Time series are essentially a more complicated version of DE analysis. We’ll take two approaches in limma, and limma + voom: linear models vs. cubic splines.
General notes:
- many parallels to what limma and DESeq2 do, though limma has slightly different language
- One advantage to limma is that it is able to fit more complex models and contrasts simultaneously
- It also uses an empirical Bayes procedure, as well as what it calls “quantitative weights”
- These weights are meant to give more weight to controls or reliable genes in order to increase detection power
- idea behind limma is that we can now treat the converted counts as if they followed a normal distribution, rather than a count distribution (e.g.

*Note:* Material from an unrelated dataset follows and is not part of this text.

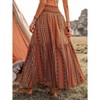 Summer Slit Maxi Skirt Elastic Waist Geometric Print - 2 of 4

NB)
- voom is the specific function within limma that converts the relationship between individual observations of count mean and variance into “precision weights”, to make limma work even better for RNA-seq experiments
To read more about limma: https://academic.oup.com/nar/article/43/7/e47/2414268
To read more about voom:
https://genomebiology.biomedcentral.com/articles/10.1186/gb-2014-15-2-r29
Data used in lab:
We are using a subset of the data from Lindsey et al (https://journals.asm.org/doi/10.1128/mBio.03472-20) that looked at gene expression in flies infected with different combinations of Wolbachia and SINV. For simplicity, we are using only the set that are Wolbachia-positive.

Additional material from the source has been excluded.